The ceremonies marking the 125th anniversary of the First Zionist Congress have recently concluded in Basel, Switzerland, and thus it seems an appropriate moment to contemplate the legacy of the organizer of that Congress: The founder of political Zionism, Theodor Herzl, who said, “At Basel, I founded the Jewish state.” It took some time, and he was not there to see it, but he was right.
Herzl was, without question, the most important Zionist leader who ever lived. But he is also the most inscrutable. He was an effective and inspirational leader, but also an impenetrable enigma, possessed of mercurial and mysterious moods and given to flights of fancy that baffled and frustrated many of those closest to him.
This enigmatic nature was epitomized by his greatest accomplishment, which was a very simple one: He, and in some ways he alone, refused to look away. When Herzl encountered the rise of modern anti-Semitism, rearing up out of an ostensibly liberal and enlightened world, he did not do what almost everyone else did, which was to pretend it wasn’t happening. He refused to lie to himself. He understood its terrible implications for the Jewish people and decided that he would resist it.
Like all great men, Herzl was wrong about many things, but in that moment, he was right when almost everyone else was wrong. And this was the essential thing. It was the only thing, in fact, that really mattered.
But does this bring us any closer to the real Herzl? Does it tell us who this strange and remarkable man really was?

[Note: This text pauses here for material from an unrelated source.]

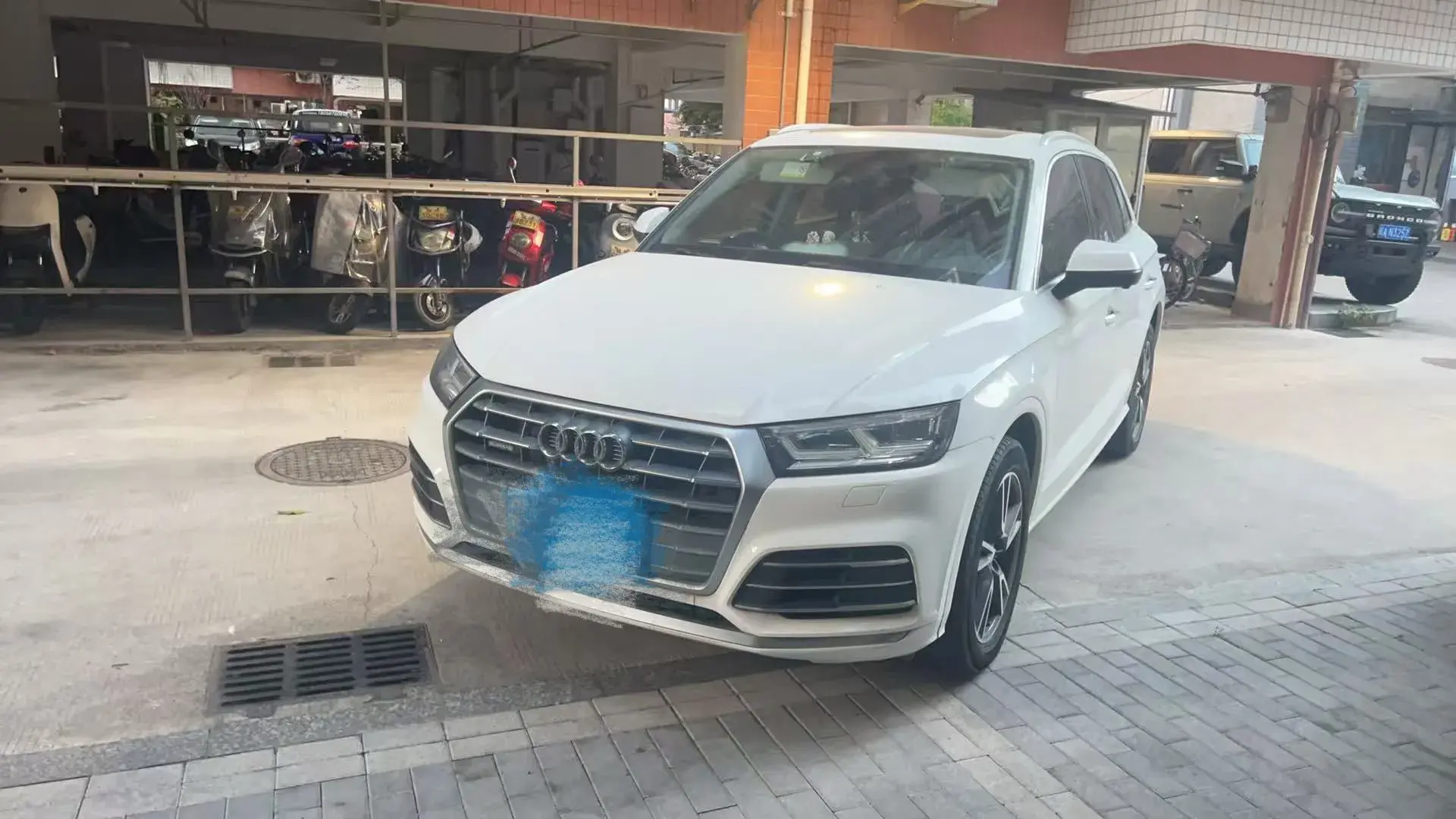 2020 AUDI Q5L view 1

The truth is that it does not. It does not explain how or why he was able to face what everyone else refused to face. How he had his great insight, and was willing to suffer opprobrium and ridicule for it. Why he gave himself over to a cause that almost everyone else at the time considered foolhardy and even insane.
In some ways, we will never penetrate this enigma. But if we want to understand the man himself, I believe we can come closest to it, ironically, not through his writings or his activism, but through his photographs.
I do not mean only the famous photograph of him on the balcony of his Basel hotel, leaning upon the railing, his hands clasped, staring off into the distance across the Rhine, like a man in another place, possessed by what may be waiting on the opposite bank, the other side. I mean all of his photographs, because he appears largely the same in all of them, and one does sense that—every single time—something like the essence of the man has been captured.
I will tell you what I see in those photographs. I see, first and foremost, his eyes. They are quite strikingly large, and always open wide with a stare that seems to pierce and unnerve the viewer. One can only imagine the extraordinary effect they must have had on those who fell under his uncanny gaze. There is no doubt as to the origin of his charisma.
But those eyes are also obscure and distant, giving above all a sense of rumination, of a relentless mind working slowly but steadily through other and abstract worlds. This, along with his enormous beard, gives him, despite his secularism, a distinctly rabbinical cast.
I also see a man of considerable melancholy, who is not only lost in thought but also looking back through time into what he called his people’s “struggles and sufferings.” They are sad eyes because they are the eyes of a man who wishes, above all, to be free—free of history, free of suffering, free of the depredations of an unjust world.
Yet they are not despairing eyes. In all of his photographs, especially the one on the Basel balcony, Herzl appears resolute. He has the countenance of a man who believes with perfect faith that he has a destiny, though he doubts whether he will have the fortitude, skill and length of days to fulfill it—as he both did and did not. He looks like a man who knows that he will probably die young with his dreams unfulfilled (as he did) but is nonetheless determined to do what he can, and leave it to younger and healthier men to complete the task. He appears to know, as the sage put it, that it is not for him to finish the work, but nor is he free to desist from it.
It may be that this conviction came from the fact that while Herzl wished to be free from many things, he did not wish to be free of his people. In all his photographs, there is a distinct, trunk-like quality to Herzl’s physicality. He has the look of a great tree firmly planted in the ground. And that ground may have been the stark reality, which he did not, in the end, despise or neglect, that he was a Jew—and a different kind of Jew. He was no wanderer. The land beneath his feet was solid. Yet it was also, at that moment, incorporeal. So, he was determined to give it flesh and sinew, to struggle to bring it back to life like Ezekiel’s dry bones in the desert.
And that is what I see above all: a man of the struggle. A man who is contending mightily with an evil world. A man who knew that he would lose that struggle, but others after him might win it, and thus he was not free to desist from it. And if those staring eyes seek to tell us anything, it is that we, too, are not free to desist from it. For this, and this alone, the Jewish people owe him everything.